Regulators at the Financial Stability Board (FSB) are particularly concerned that leveraged investors might be forced to dump their assets in the event of a stress, putting intense downward pressure on bond markets.
“Asset managers such as hedge funds who rely on repo markets to finance their sovereign bond positions may have to rapidly liquidate their asset holdings, leading to fire sale dynamics in the pricing of sovereign debt,” it said.
The report also highlighted that “demand and supply imbalances can arise quickly in periods of stress” if repo lenders are unwilling or unable to meet spikes in the demand for liquidity.
A repo is a short-term funding agreement where financial institutions get access to liquid cash by selling securities, while agreeing to buy the securities back at a slightly higher price shortly after.
The FSB recommended that authorities address data gaps in the $16trn market for repurchase (repo) agreements backed by government bonds, and develop a series of “vulnerability metrics” to monitor possible risks.
“Strains in repo and government bond markets may spill over into each other or across multiple jurisdictions, given the international nature of repo markets,” the FSB added.
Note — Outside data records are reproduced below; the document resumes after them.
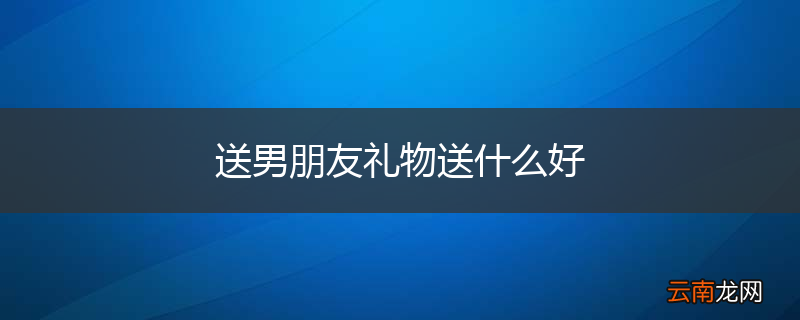 送男朋友礼物送什么好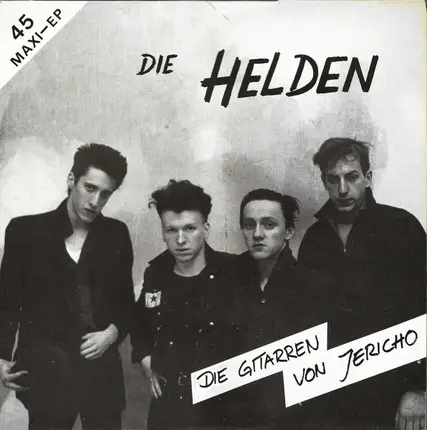 Die Helden - Die Gitarren Von Jericho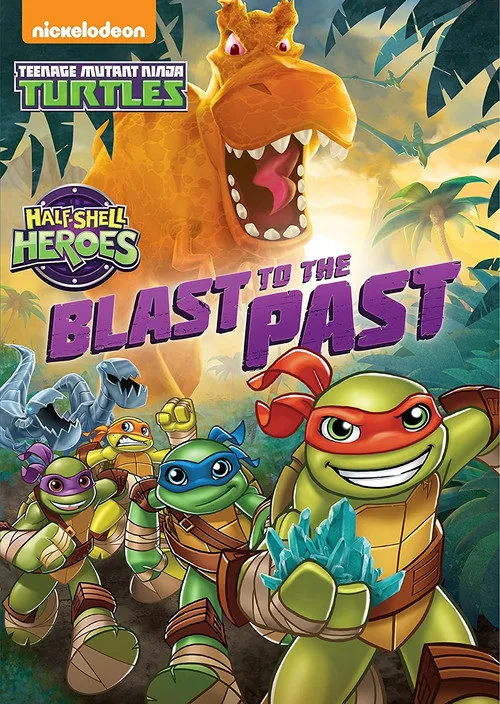 Half-Shell Heroes: Blast to the Past海报
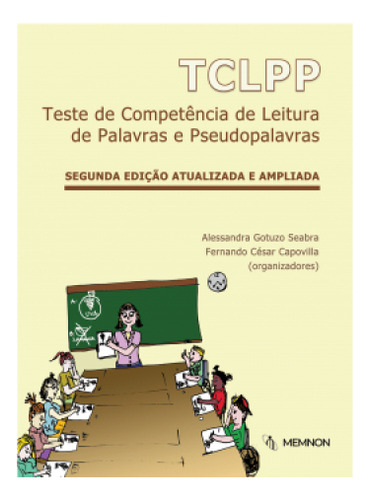 Tclpp: Teste De Competência De Leitura De Palavras E Pseudo, De Alessandra Gotuzo Seabra. Editorial Memnon Edicoes Cientificas Ltda, Tapa Mole En Português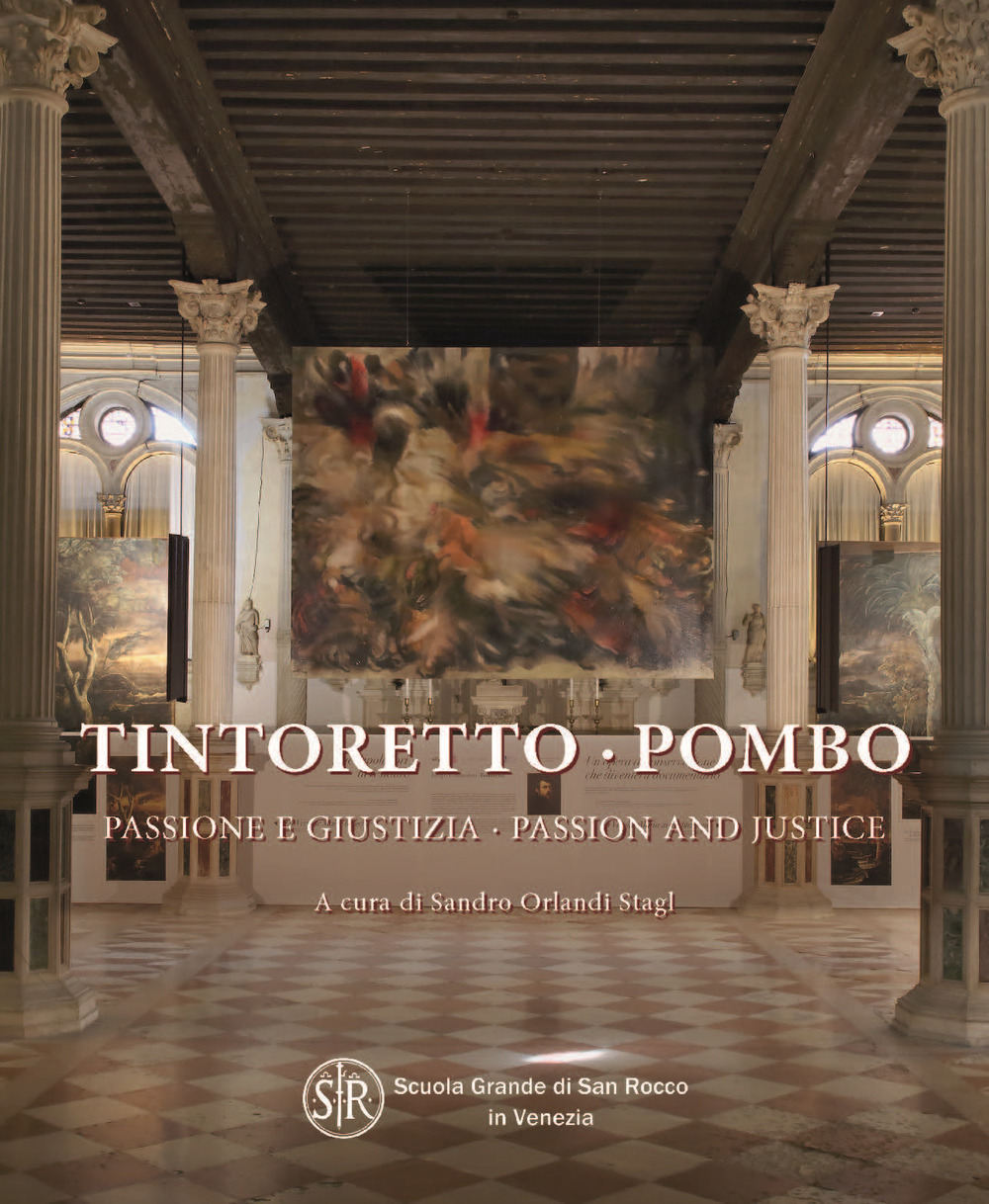 Tintoretto-Pombo, passione e giustizia-Tintoretto-Pombo, passion and justice. Ediz. illustrata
“Given the importance of repo markets within the global financial system, it is critical to preserve their functionality, particularly during periods of stress,” the report said.
Regulators might be falling behind
Around 80 per cent of repo trades are backed by government bonds, with US government bonds accounting for the majority of such trades. Hedge fund borrowing in repo markets has increased significantly over the past few years, and now amounts to nearly $3trn – or about 25 per cent of their assets.
The FSB noted that the repo market helps to provide greater liquidity across the market and also acts as a low-risk investment for cash risk institutions, but it warned that regulators might be falling behind on the ways in which the repo market could intensify market stresses.
Repo trades can build up leverage in the financial system because the trades are often conducted with zero haircuts. A haircut is a reduction to the market value of an asset when it is used as collateral for a loan, which limits the amount of leverage.
The securities exchanged in a repo trade are also often used again in further trades, a practice known as collateral rehypothecation, which adds further leverage to the system.
Andrew Bailey, Governor of the Bank of England, is the current chair of the FSB. The Bank of England is considering introducing a minimum haircut for gilt-backed repo trades, which would limit the level of leverage.